1

I am looking at ideas for building an ETL pipeline to populate PostgreSQL tables. I expect to be loading tens of thousands of rows in a batch, so not huge amounts of data, but big enough to think through before implementing anything.

I expect that in the vast majority of cases, the incoming data will be clean and should insert with no issue. However, I would not be surprised if every now and then I get one or two records in a batch with a problem: perhaps a duplicate key, or a char field longer than expected, or a missing field in a non-null column. That type of thing.

When this happens, I would like all of the non-erroring rows to be inserted successfully and my code to somehow determine which row(s) failed.

I can do this by inserting each record in a separate transaction, but that would be very inefficient for the vast majority of cases, where all records are expected to insert cleanly.

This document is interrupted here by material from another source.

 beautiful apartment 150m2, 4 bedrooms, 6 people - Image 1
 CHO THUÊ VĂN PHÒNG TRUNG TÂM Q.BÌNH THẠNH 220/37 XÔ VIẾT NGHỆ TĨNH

What tools and strategies exist to accomplish these goals?

Nevo
  • 752
  • 2
  • 9
  • 22
  • Using [SAVEPOINT](https://www.postgresql.org/docs/current/sql-savepoint.html) within a plpgsql loop with exception handling will help in your case. Have a look at the answer of @LaurenzAlbe to [this](https://stackoverflow.com/questions/42638907/savepoint-in-postgresql-function) thread. – Stefanov.sm Oct 08 '21 at 17:12
  • With the exception of duplicates, you can validate the data before inserting. For duplicates use an [`on conflict` clause](https://www.postgresql.org/docs/13/sql-insert.html#SQL-ON-CONFLICT). – Schwern Oct 08 '21 at 19:44
  • @Schwern I am having in mind cases when incoming data needs non-trivial mapping into more than one table and may have various format and/or semantic faults. Hence the pattern - let it bang and then react. Of course this does not exclude your suggestion to validate before or while processing and mapping before insertion. – Stefanov.sm Oct 09 '21 at 08:46
  • @Stefanov.sm A framework like Rails would provide for such mapping and [validation](https://guides.rubyonrails.org/active_record_validations.html), plus [activerecord-import](https://github.com/zdennis/activerecord-import) to make bulk inserts with validation efficient. – Schwern Oct 09 '21 at 20:55
  • @Schwern There are many options of course. – Stefanov.sm Oct 10 '21 at 07:02

1 Answers1

0

I would suggest two options.

A. Here is some pseudocode in the logic tier, I hope clear.

open the data file;
issue 'BEGIN TANSACTION' to the DB;
while (there are lines left to read from the data file)
{
 read a line;
 try 
 {
   issue 'SAVEPOINT <name>' to the DB;
   process and insert the line into the target DB tables;  // This may bang
   issue 'RELEASE SAVEPOINT <name>' to the DB;
 }
 catch (exception ex)
 {
   issue 'ROLLBACK TO SAVEPOINT <name>' to the DB;
   handle the unfortunate event;
   log information about the failing line;
 }
}
issue 'COMMIT TANSACTION' to the DB;
close the data file;

Meanwhile if something catastrophic happens then you can issue ROLLBACK TANSACTION to the DB as usual.

B. Another approach would be to do the same in a plpgsql function. I have done this some time ago and it worked very well:

  • Create a foreign table from the data file in pg_temp schema (i.e. a temporary foreign table so that the solution will be concurrent);
  • The foreign table should have a single column of type text;
  • Then read line by line in an implicit cursor loop.

Some more plpgsql-like pseudocode.

for running_line in select the_line_column from pg_temp.the_foreign_table loop
 begin
  -- process and insert running_line into the target tables;
 exception when others then
  -- handle the unfortunate event;
 end;
end loop;

Both worked well. The latter is very fast.

Stefanov.sm
  • 11,215
  • 2
  • 21
  • 21